Innovation Leader: Let’s talk motivation. General Mills created its “Worldwide Innovation Network” to team up with innovators outside the company. Why?

Mike Helser: We launched the General Mills Worldwide Innovation Network (G-WIN) because we believe there are innovation partners outside our walls who have the expertise and capabilities to help us more effectively meet the needs of our consumers. Simply put, open innovation helps us deliver bigger innovations to the marketplace more quickly.

IL: If you had to do it again, what pitfalls would you avoid?

MH: One thing we’ve realized since launching G-WIN is that it’s important to be specific and transparent about the challenges you’re looking to solve in order to identify the right partner for the project.

For example, it’s one thing to say that you’re seeking “packaging solutions” – as we may have done early on in our efforts – and another to say that you’re looking for ways “to use renewable content in flexible packaging films and rigid containers.”

IL: So, greater clarity … 

MH: Absolutely. And a mechanism for that communication. In the fall of 2009, we launched the G-WIN online portal, through which we publish our clearly articulated technical challenges and invite visitors to create and submit non-confidential proposals. During the first year of launching this more robust and clearly articulated site, we connected with more than 1,000 inventors from around the world and received more than 500 proposals.

IL: Were there any other tangential, ancillary benefits from developing G-WIN?

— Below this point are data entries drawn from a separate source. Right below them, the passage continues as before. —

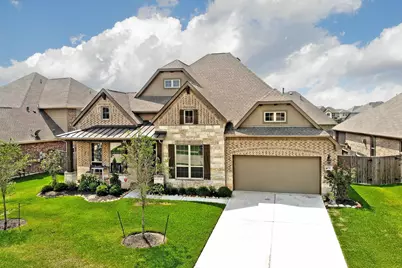 4710 Prairie Springs Lane, Rosharon, TX 77583 - Photo 37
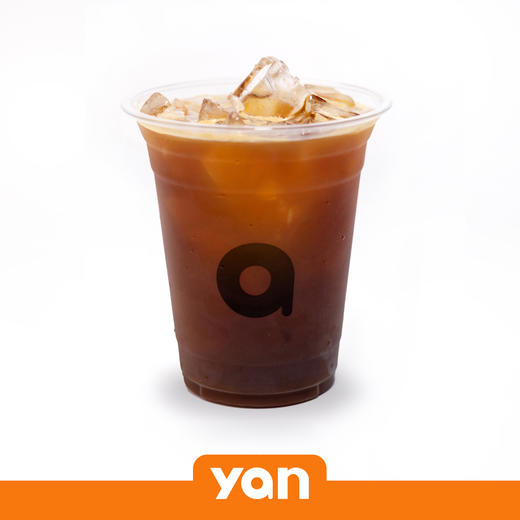 超大杯SOE冰美式 商品图0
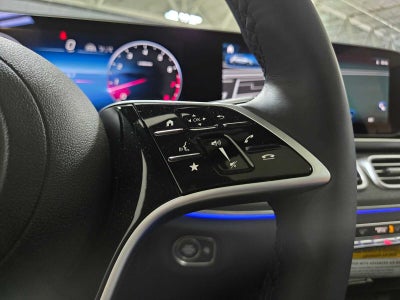 2026 Mercedes-Benz GLE 350 4MATIC® SUV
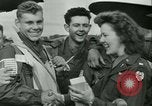 Standbild Signal Corps europäische Theater, 1944, aus Sekunde 14 historischem Filmmaterial Videoclip 65675021723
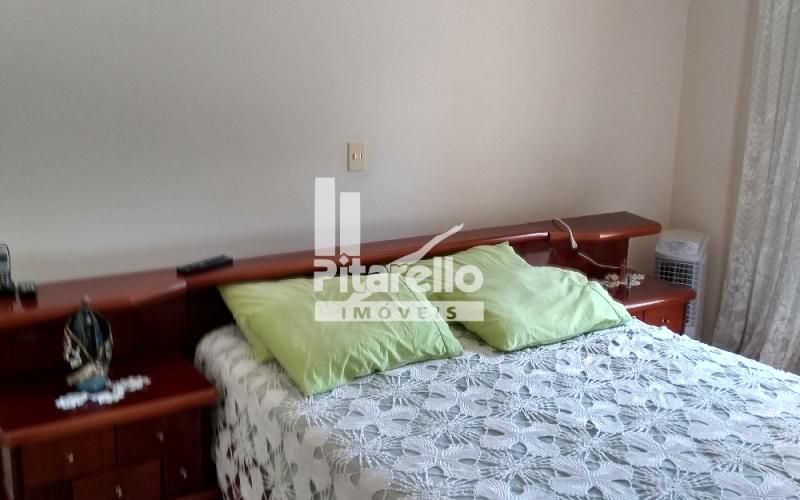 Apartamento Ed Monte Carlo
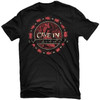 Cave In 'Until Your Heart Stops Reissue' (Black) T-Shirt - US Import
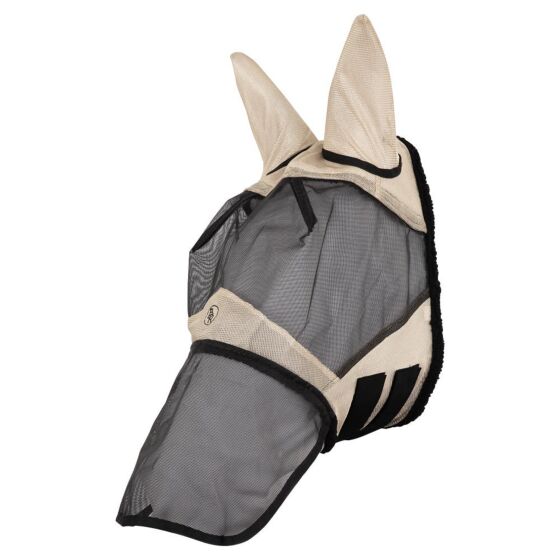 BR Vliegenmasker Classic Oren+Neus Goud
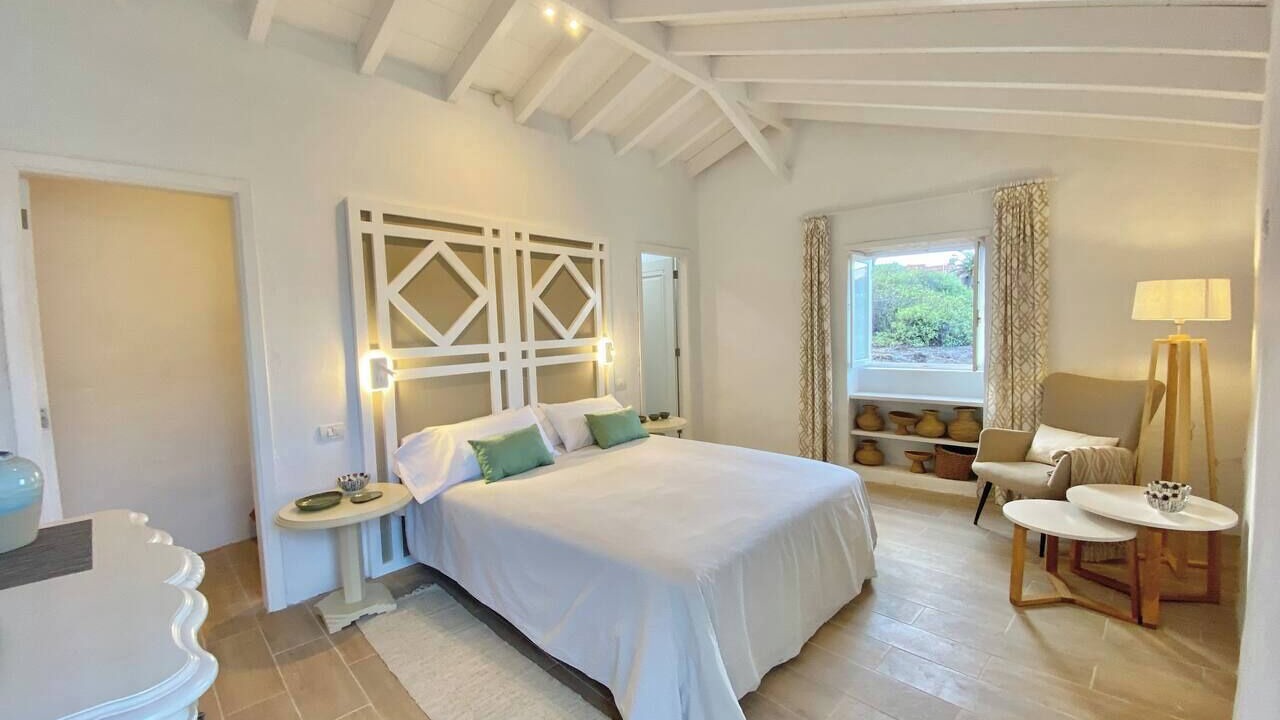 Photo of Bedroom in Las Aguas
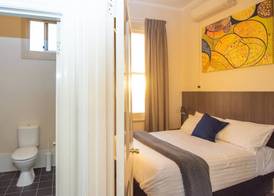 The Mile End Hotel 5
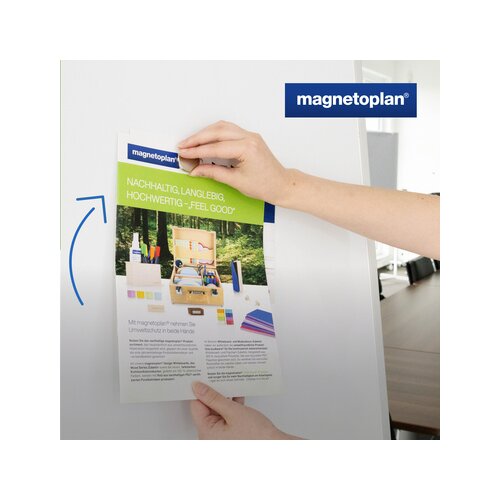 magnetoplan® Magnet Discofix forte 30 mm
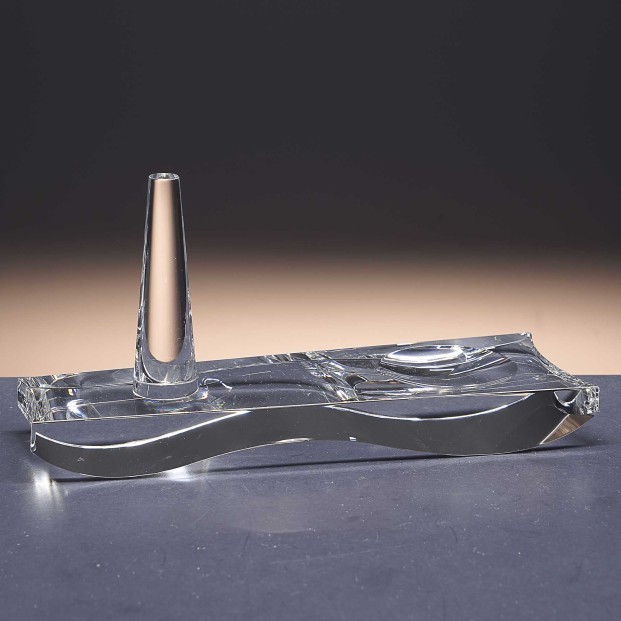 Anillero de cristal - Colección 8308.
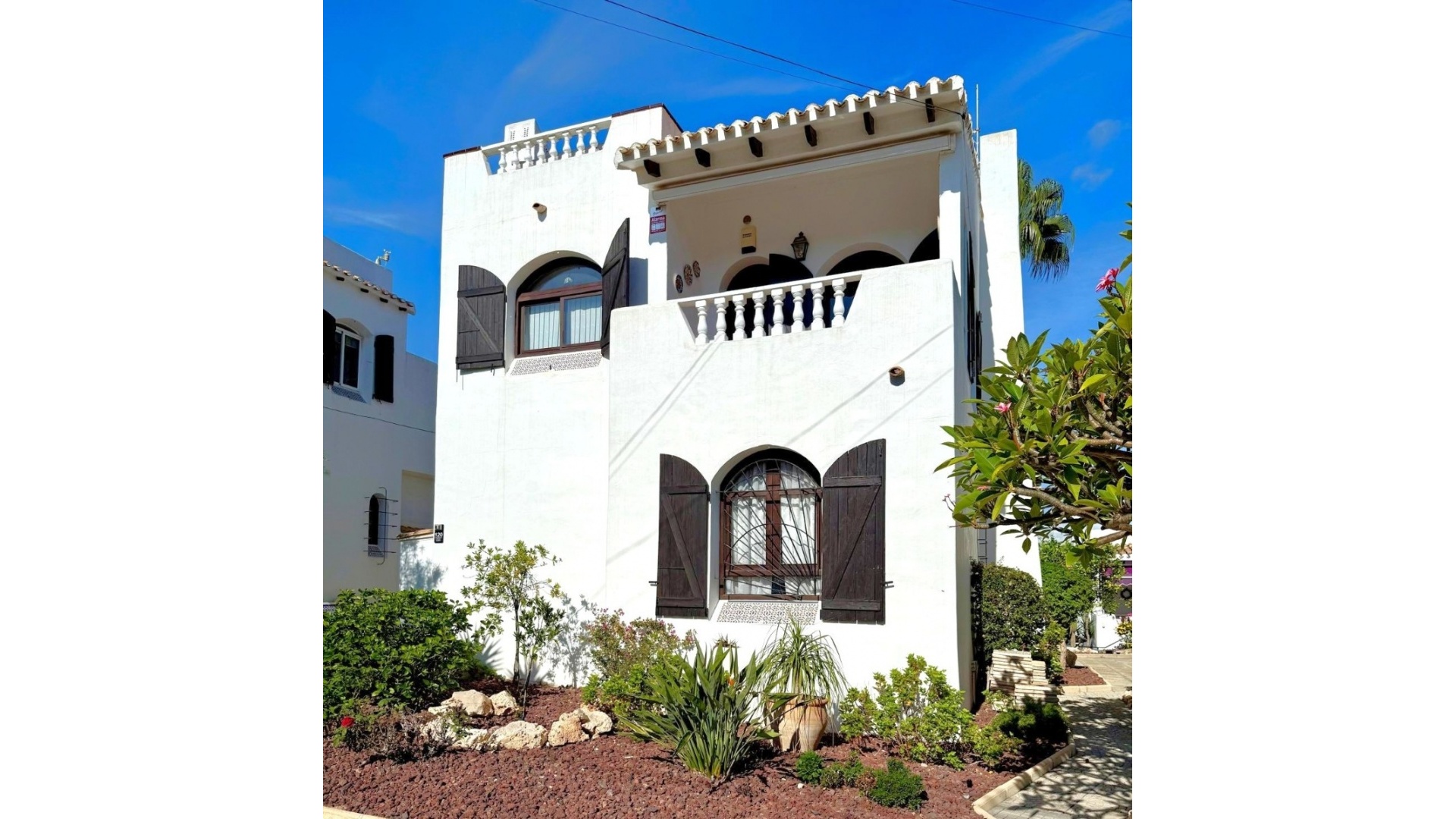 Resale - Villa - Villamartin - Fortuna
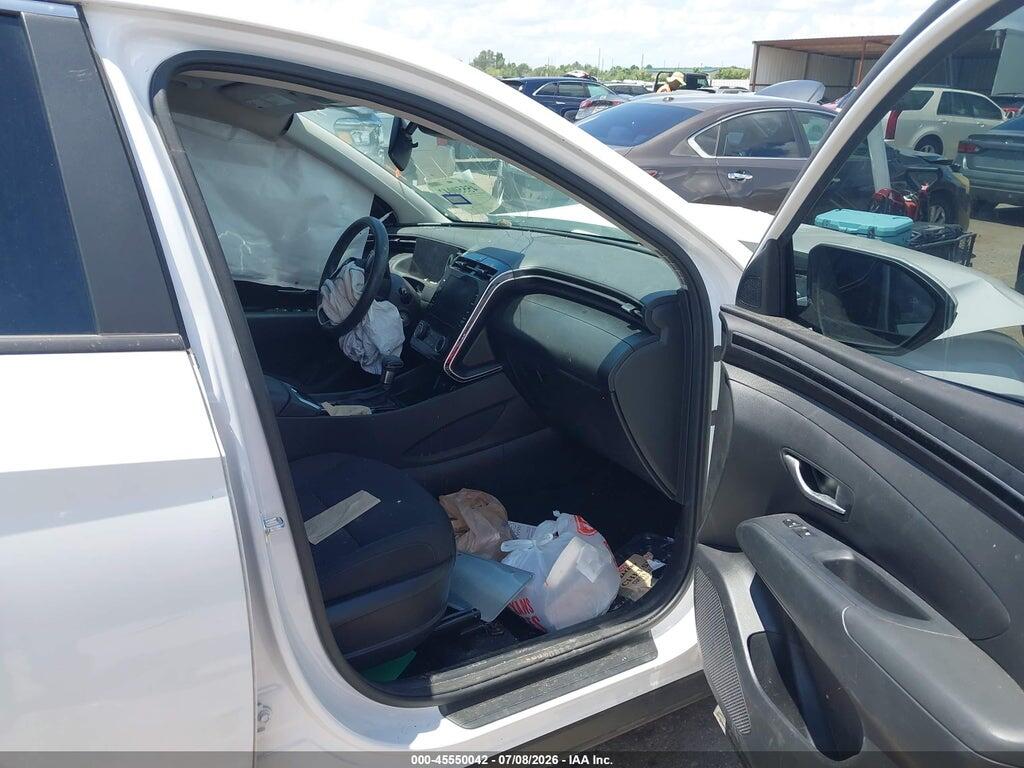 5NMJA3DE7RH434289 2024 HYUNDAI TUCSON photo no. 5
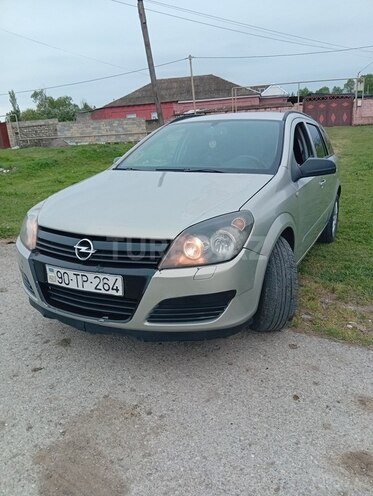 Opel Astra-4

MH: We’re particularly proud of the benefits that our partners realize because of our commitment to being more externally-focused. The open innovation partners we work with at General Mills represent a broad spectrum – from large corporations to small businesses to individual inventors. Since launching G-WIN, we’ve made new connections and built lasting relationships with thousands of companies and individuals across the globe. We’ve actually covered some of those successes in our blog, including one with a young inventor named Mark King (whom The New York Times just profiled) and another with an existing supplier, Shearer’s Foods.